Mountain Team Limits Environmental Footprint and Earns Actively Green Certification
June 4, 2026 – Eagle, CO — The Encore Electric Mountain Business Unit is taking steps to reduce the company’s construction-related environmental footprint through green construction initiatives created by the Encore Electric Green Team. Construction significantly affects the environment through consumption, pollution, habitat loss, and greenhouse gas emissions, but sustainable practices can mitigate these impacts. To reduce this impact, the Encore Electric Green Team finds ways to make construction in the Colorado mountains more environmentally friendly by participating in the Actively Green Certification Program.
Credit: Paul Brokering
“Actively Green is a certification that provides a framework of sustainable business criteria and performance indicators that support any business in elevating performance with the use of best management practices specific to sustainability principles,” states the Walking Mountains website.
Photo taken at Actively Green Award Ceremony in 2025.

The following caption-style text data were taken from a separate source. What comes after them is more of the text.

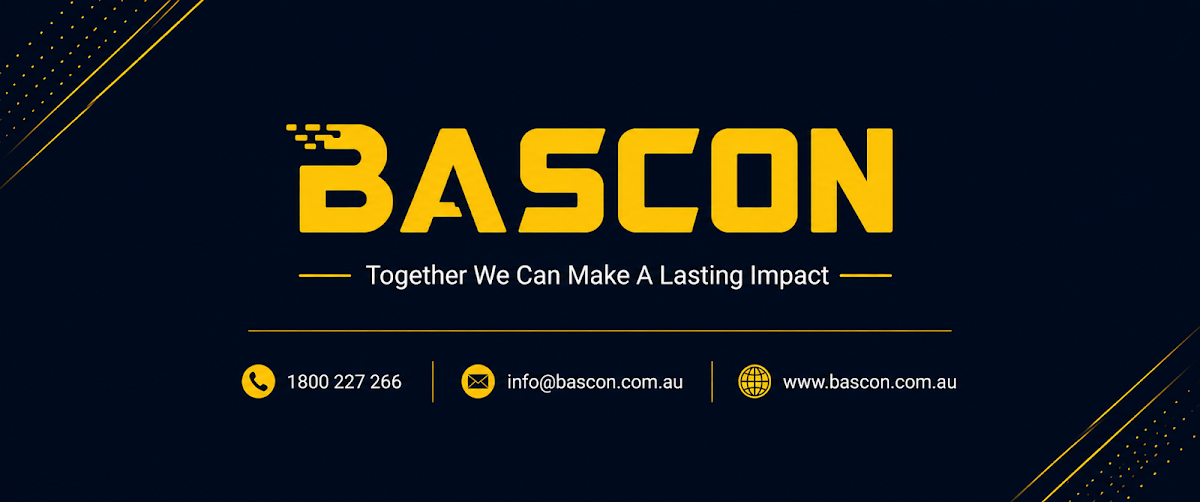 Bascon Group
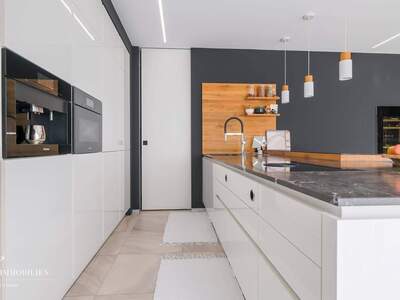 Haus kaufen in 4055 Pucking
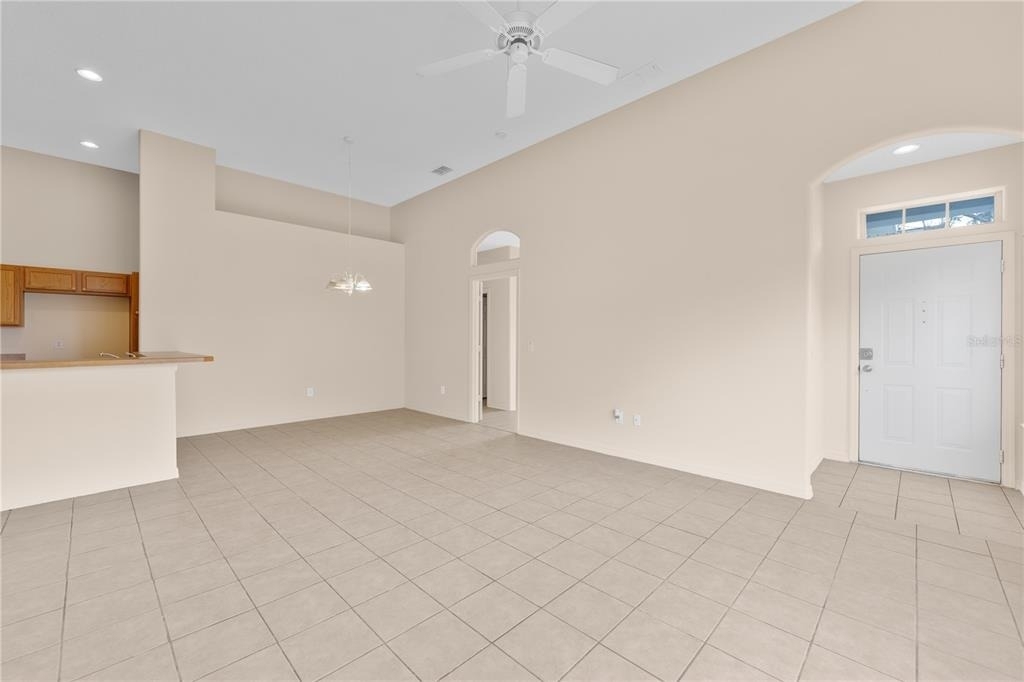 13047 Island Breeze Court - Photo 4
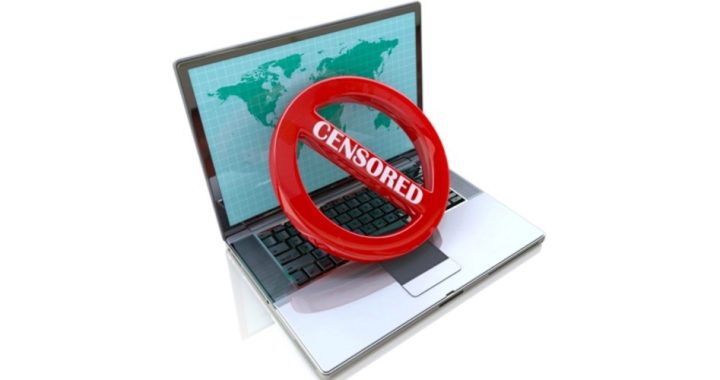 To Battle “Trolls,” Establishment Wages War on Internet Freedom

“Every year, we come up with different goals. We started very simply with recycling and decreasing the amount of energy that we use,” said Liz Bankert, project accountant and member of the Green Team. “We also did an LED swap program for years with Eagle County, where they would provide us with a bunch of LED lights and people would come into the Encore office with their old ones, and we’d swap them.”
The Green Team’s most recent initiative in 2026 was providing each Encore Electric teammate in the mountains a reusable water bottle to minimize the use of single use plastic bottles on project sites and in the office. Each water bottle has a sticker that states, “I’m saving about 156 plastic water bottles per year by using this reusable bottle.”
In addition to Bankert, the Encore Electric Green Team is made up of Director of the Mountain Business Unit Josh Pizzino, Journeyman Lead Tyler Pasterski, Project Engineer Nick Signorelli, Project Coordinator Tammy Chambers, and Project Manager Nate Netzhammer.
“I want to do my part to contribute to better things and not be complacent in the status quo. Construction is not a clean thing, and there can be a ton of waste. We want to neutralize that, even just a little bit, and be better than the average,” Pizzino said.
“We have helped the Salvation Army with boxes of food during the holidays, by packing and delivering them. The Salvation Army also used to have a greenhouse, and our electricians volunteered their time to complete the electrical for them,” Bankert said.
Looking ahead, the Green Team will continue to support the mountain community and find new sustainable steps to reduce the company’s environmental footprint.